I was drained of emotion as I drove home. Danny’s image and our conversations kept racing through my mind. I couldn’t begin to imagine what life was like for his mother, Mary, his father and his brothers. I kept reliving the memories of him in class and of my last meeting with him and Dennis in the hall as they came to say farewell to me the previous June, before leaving for Parris Island.
The flag was at half-mast in front of the high school when I arrived the following morning. I walked into the high school office and the mood was as somber as it had been when we received the news of Danny’s death the day before. Secretaries were dabbing at their eyes. I went to the sign in book, and on the sign in desk I saw two Marine Corps pictures. One was of Danny and next to Danny’s picture was a picture of Dennis Murphy, and under it was written: Pray for the souls of Private First Class Daniel Gerard O’Connell, killed in action on June 19, 1969 and for Private First Class Dennis Gerard Murphy, killed in action on June 18, 1969.

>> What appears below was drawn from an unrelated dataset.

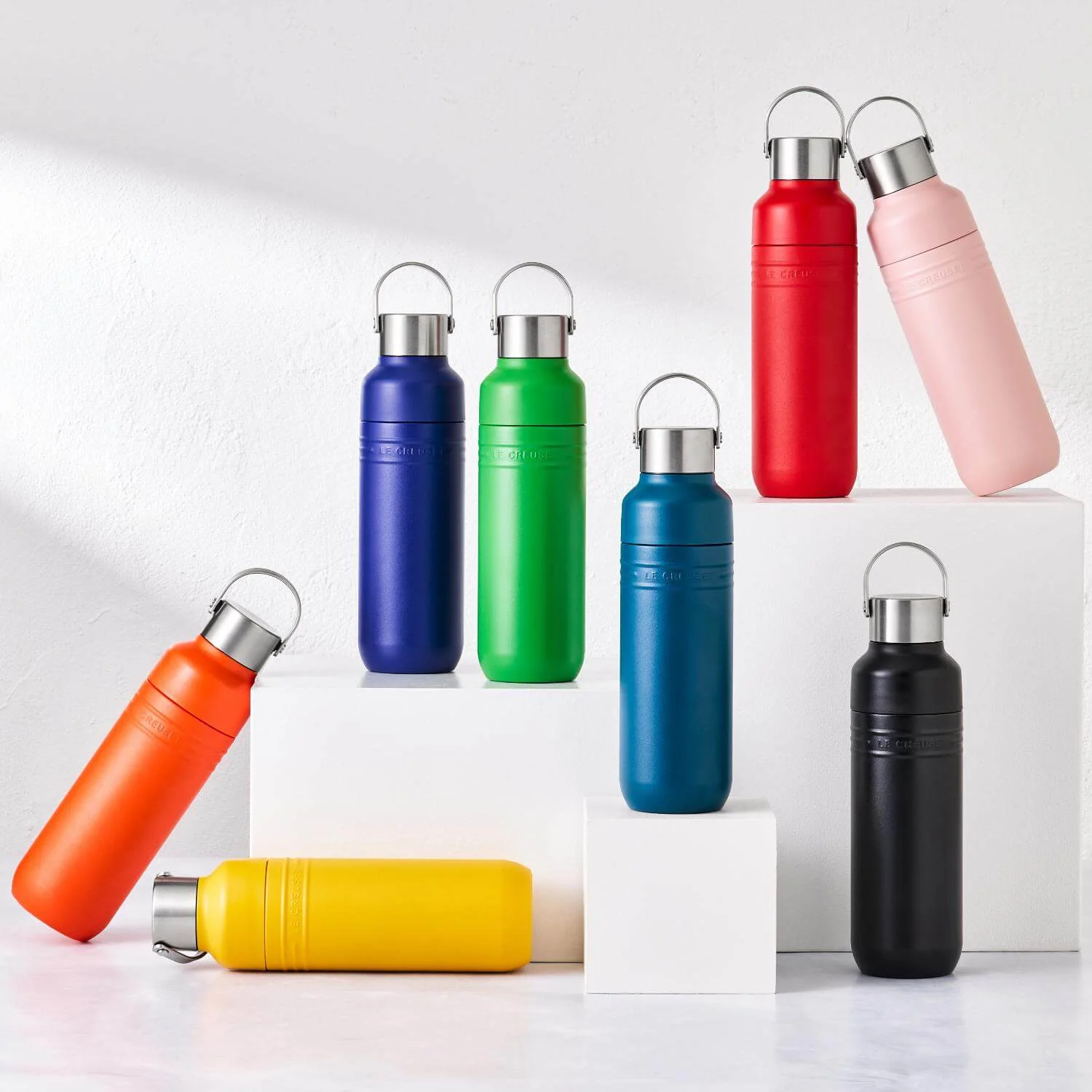 Le Creuset 'On The Go' 500ml Insulated Water Bottle - Volcanic - Image 6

I felt my knees buckle. No, no, no! It couldn’t be true.
And then I said out loud, “No, not the two of them. There must be some mistake. It can’t be. Not both of them, Danny and Dennis a day apart. Maybe they got their names confused with someone else. Oh no God. How could this be?”
One of the secretaries looked up.
“It’s true, Mr. Bilotti. Mr. O’Connell is over at the Murphy home right now,” and she turned around, her shoulders shaking gently as she cried into a tissue.

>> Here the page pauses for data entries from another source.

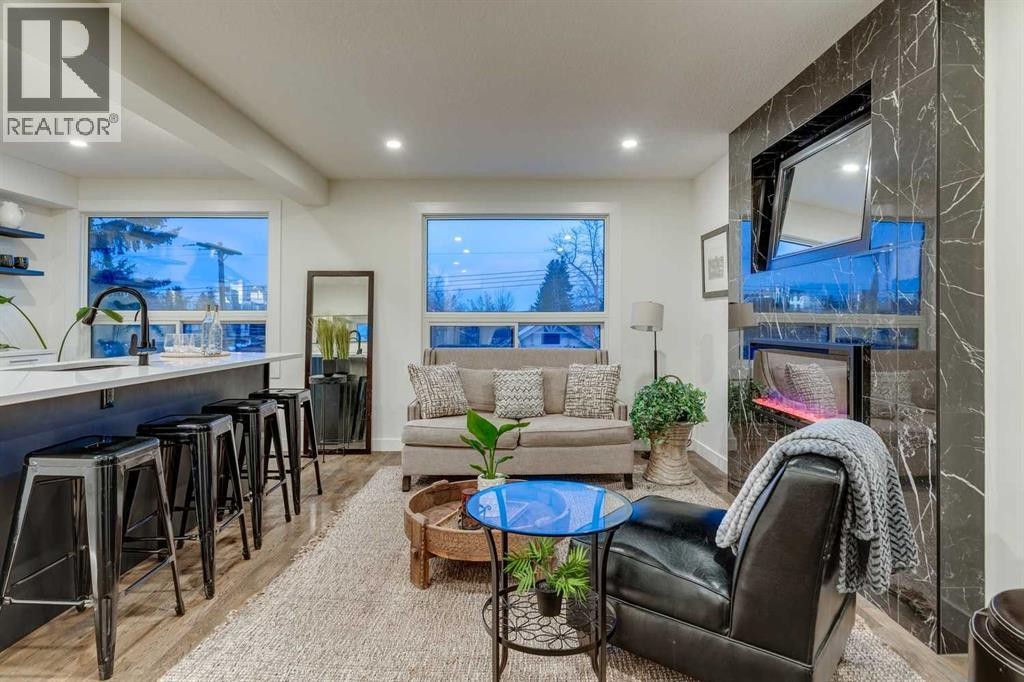 












2126 18A Street SW

,
Calgary,




Alberta
T2T4W2


It was so typical of Walter G. He had received word the day before of the death of his own son, and yet he put aside his own feelings to console the family of Dennis Murphy, another fallen Marine.
Although Danny had been killed a day after Dennis was killed, Danny’s body came home first. As I viewed Danny’s body I couldn’t help but think how fresh and alive he appeared to be, almost as if he was sleeping under his plexiglass covered casket. The Marine honor guard stood by Danny’s coffin as throngs of people came to pay their last respects.
I don’t know from where he got his strength, or how he kept his composure, but Danny was eulogized by his father at his funeral Mass.
And then Dennis’ body came home, and as with his Danny, the Marine Corps honor guard stood by the young Marine’s coffin. Dennis like Danny wore his Marine Corps Blues. The top of Dennis’ head was covered with a bandage, and he as with Danny, was under plexiglass.
I didn’t learn as much about the facts of Dennis’ death as I did about Danny’s. What I did learn was that Dennis had been wounded already in combat but he insisted on going back to join his fellow Marines while he tried to get into Danny’s unit. He was killed by small arms fire and received the Silver Star for bravery in action against the North Vietnamese. Dennis Gerard Murphy, as was Daniel Gerard O’Connell, five months short of his nineteenth birthday.
The two Marines are buried close to one another in Suffolk County, and their names are located close to each other on the Viet Nam War Memorial Wall in Washington, D.C.
Daniel Gerard O’Connell. Panel W. 22, Line 92.
Dennis Gerard Murphy. Panel W. 22, Line 79.
The small town of Copiague and of Copiague High School sent many of their young men to fight for their country in Viet Nam. Walter G. O’Connell and his wife, Mary’s contribution to the nation that they loved went above and beyond what was asked of most Americans. Their oldest son, Walter, served in the Air Force, and their son, Francis, joined the Marines after he learned of his older brother Danny’s death. Francis, like his brother, Daniel, also served in combat in Viet Nam. A total of five young men from the tiny hamlet of Copiague made the supreme sacrifice.